The mainstream media paid scant attention to the kidnapping of Fox and his fellow Christian Peacekeepers while he lived, giving it far less attention than the abductions of civilian employees. We wondered (here and here) whether that had anything to do with the fact that these witnesses for peace challenged two pet media objectives: to paint all religionists as conservative, and to avoid drawing attention to the questions of conscience that trouble this war. (When was the last time you saw pictures of wounded Iraqi children?)

The kidnapping got greater attention in the Islamic world, where many Muslim leaders pleaded for the release of Fox and his colleagues. These included the Canadian Muslim Congress, the Iraq Islamic Party, radical cleric Abu Qatada, and the Egyptian Muslim Brotherhood.

Rush Limbaugh, on the other hand, said "part of me likes this" (meaning the kidnapping), and also said: "Well, here's why I like it. I like any time a bunch of leftist feel-good hand-wringers are shown reality."

The Associated Press story on Fox's death carried the government's water to the end, noting:

Iraqi and Western security officials repeatedly warned the activists before their abduction that they were taking a grave risk by moving around Baghdad without bodyguards.

As if that had somehow escaped their attention. The point was not the warning, or the danger itself, but their bravery in the face of that danger.

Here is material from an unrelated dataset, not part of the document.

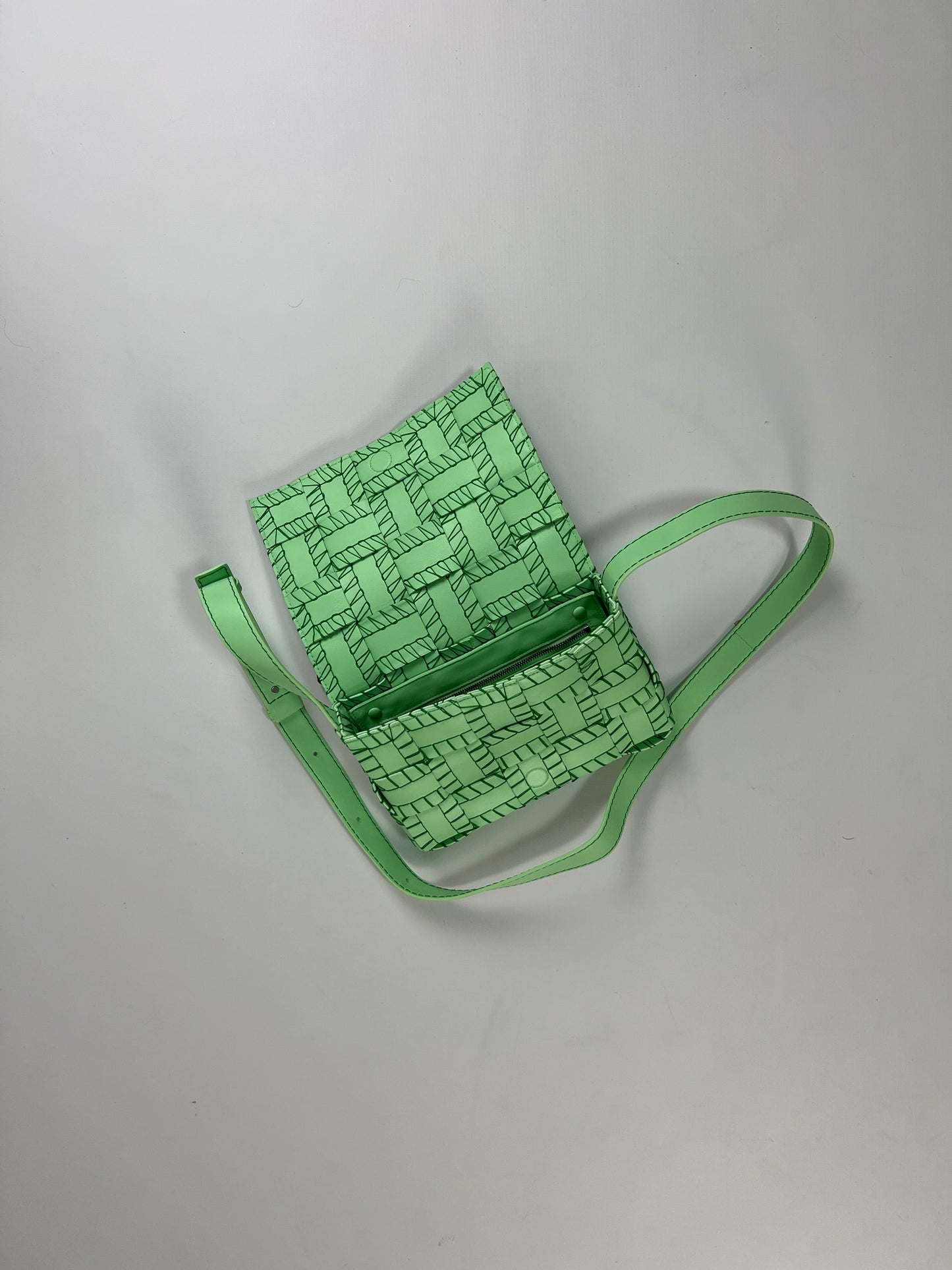 Bottega Veneta Green wasabi cassette intrecciato Bag SZ:OS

Tom Fox knew what he was doing, and why, as his blog makes clear. Nor was he in any way a terrorist sympathizer. "I am to stand firm against the kidnapper as I am to stand firm against the soldier," he wrote.

That's what he did. He went to Iraq and stood firm against the kidnappers, risking his life for his beliefs in a way that the leaders of this nation never have.

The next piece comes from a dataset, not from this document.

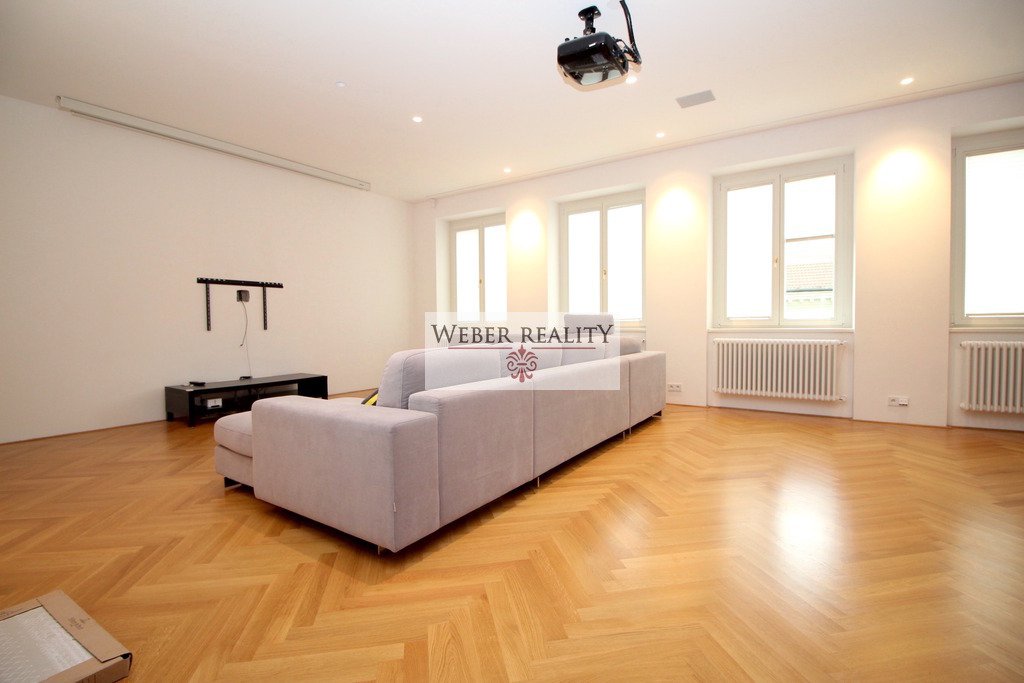 WEBER REALITY 3-izb.luxusný zariadený byt v centre Špitálska ul.pri Medickej záhrade 130 m2, krásny a priestranný, garáž k dispozícii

He inverted the belief that peace is something 'soft,' the mere absence of war:

It seems as if there is a tendency to see war as a very active force and peace as a very passive one. We refer to peace in the negative - nonviolence or non-aggression. As if peace is a vacuum created when the force of war is absent ... Is it possible that (the force of war) is in reality a negative, mirror image of the force of peace?

Though a Christian, he was an inclusive man who grieved for all the victims of sectarian violence in Jerusalem. "Whose city is it?" he wrote. "It's God's city, and not the sole possession of any of God's children. It belongs to all and it needs to be open to all."

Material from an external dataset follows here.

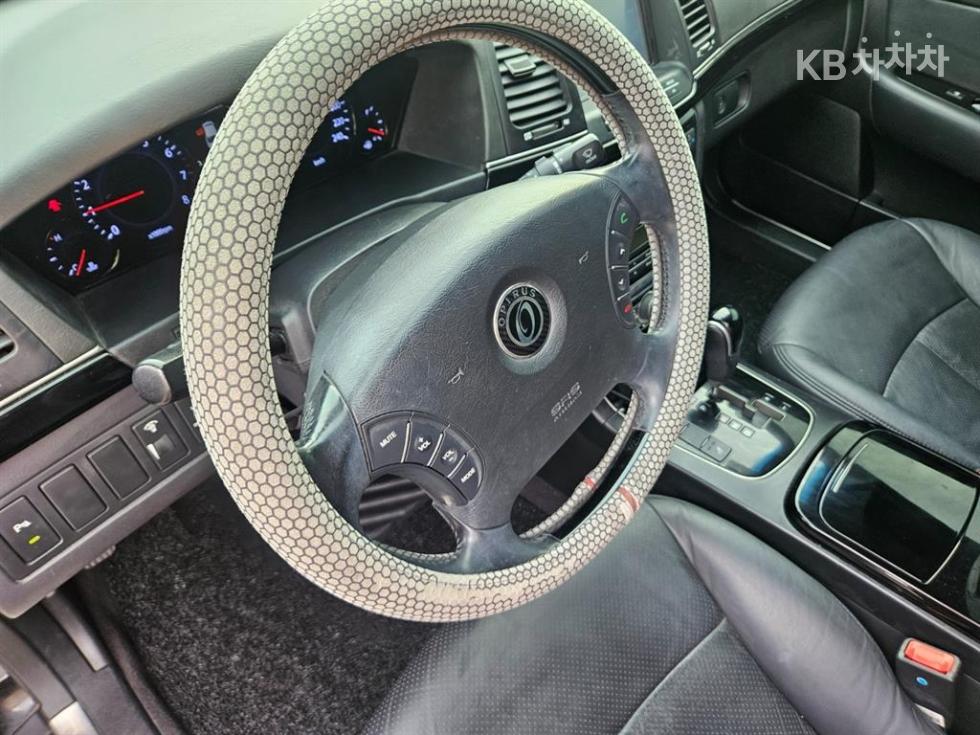 2010 - kia opirus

Fox was a progressive follower of Jesus, one of the many I describe - because the media tends to ignore them - as America's Secret Christians. Other American Christians sometimes ask "What Would Jesus Do?" from their bumper stickers, as they drive through secure suburban neighborhoods.

They could do worse than follow the example of Tom Fox, who answered that question to the best of his ability.